Esta idea se ajusta a un contexto específico, el que supone la humildad de no pretender algo que, en el fondo, se desea, pero no cabe en otros contextos.
No está claro a qué pretensiones se dirige el inspirador del pragmatismo en Estados Unidos. (Es muy difícil, en un espacio reducido, tratar la cuestión del pragmatismo como corriente filosófica. No se hará aquí, por ahora. Nos limitaremos a analizar esta frase).
Porque resulta que hay pretensiones irrenunciables como la de vivir, por ejemplo, la de servir a los demás, la de tener sentimientos compasivos, la de liderar aunque sea a un grupo de puercos, con perdón de los lechones, o la de adquirir bienes y posiciones sociales.
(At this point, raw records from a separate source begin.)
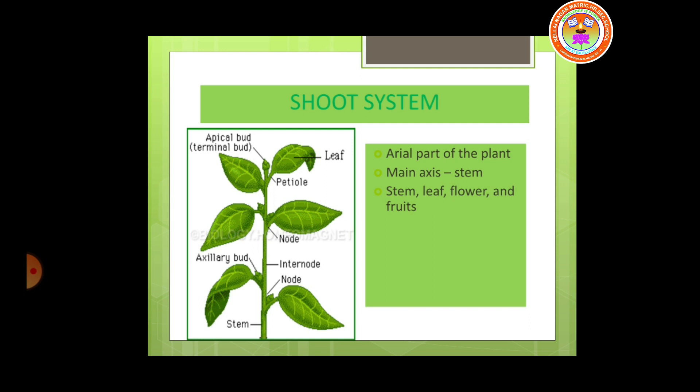The parts of a shoot system are stem, leaf, flowers, branches and fruits. The shoot system also consists of nodes. Nodes are the part of the stem where a leaf arises. The space between two successive nodes is called an inter-node.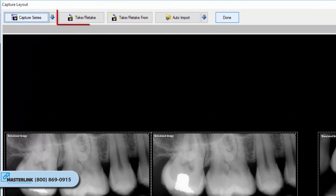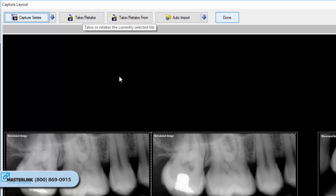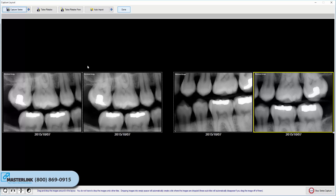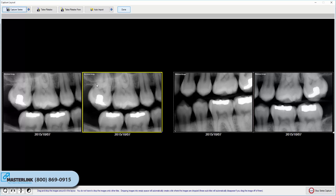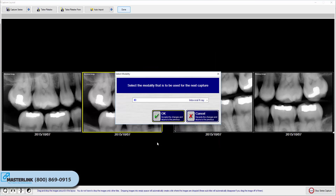The Take Retake button is used to capture an image for one specific tile in a layout. It is often used once a series capture has completed and there is a need to retake one or two images. Select the desired tile for capture and click the button. Again, if no preferred imaging extension is set for the layout, the user will be prompted to select an available imaging device based on the tile source.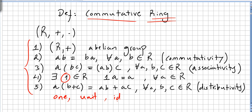So when we say a ring with identity, we mean the identity for multiplication, because there is no ring without the identity for the first operation, which is addition.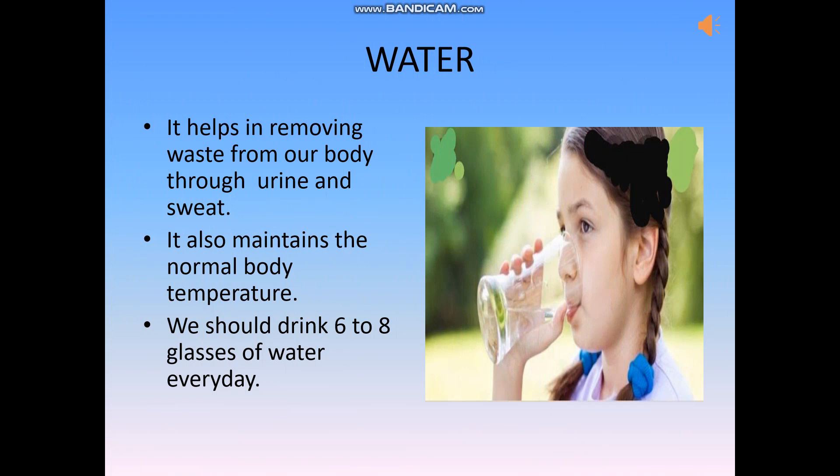Water. We should drink plenty of water every day — about 6 to 8 glasses. It helps in removing waste from our body through urine and sweat. It also helps dissolve, digest and absorb the food.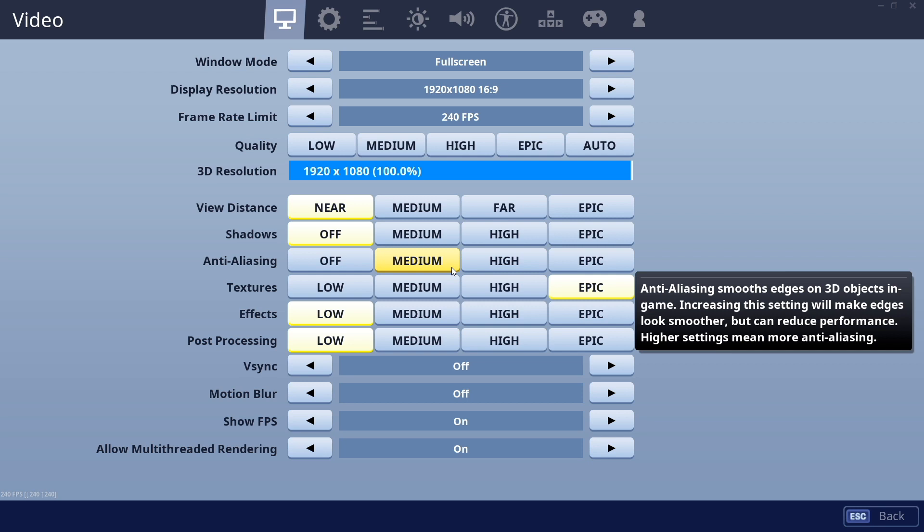So these are the settings. Let me know what you guys think in the comments. Like this video if it helped. Share it to your friends. Good luck in your next few games. Get some wins.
Hay un vacío de difícil conjetura en la elegante postura del autor que parecería inspirarse en las enseñanzas de Siddhartha Gautama, llamado el Buda, el iluminado, que pedía la renuncia de todo apego para alcanzar un estado de beatitud resplandeciente.
Toda renuncia es desprendimiento, esfuerzo heroico en ocasiones por desentenderse de cosas, bienes incluidos, que tienden a ilusionar y tienden al engaño (las ilusiones son también objetadas por Gautama para avanzar hasta la gran meta personal e íntima de la más alta de las realizaciones).
En el pensamiento inconcluso e inespecífico de James, el término “pretensiones” es clave puesto que sólo se renuncia a lo que se tiene o se cree o pretende tener.
Ahora bien, hay algo que se interpone en ese camino: el ego.
El muy difícil echarlo del empleo. Pero no lo es tanto desinflarlo de modo que no eche a perder y cauce la ruina de su portador, que es casi todo ser humano que habita el mundo.
El ego es un arma compleja y difícil. Si no se tiene, como expresión de voluntad y de pervivencia en un mundo “competitivo” y cruel, hay riesgos de aplastamiento, de perder todas las batallas. Es un toro que se debe agarrar por los cuernos.
Si se tiene en exceso es igual de perjudicial ya que actúa como un traidor de las mejores (o peores) intenciones.
Lo que debe haber es un equilibrio, el término medio que aconsejan los maestros ascendidos, para luchar contra este enemigo interno, este aguafiestas que nos hace c reer que vamos bien cuando en realidad nos dirige alegre o dramáticamente hacia el abismo.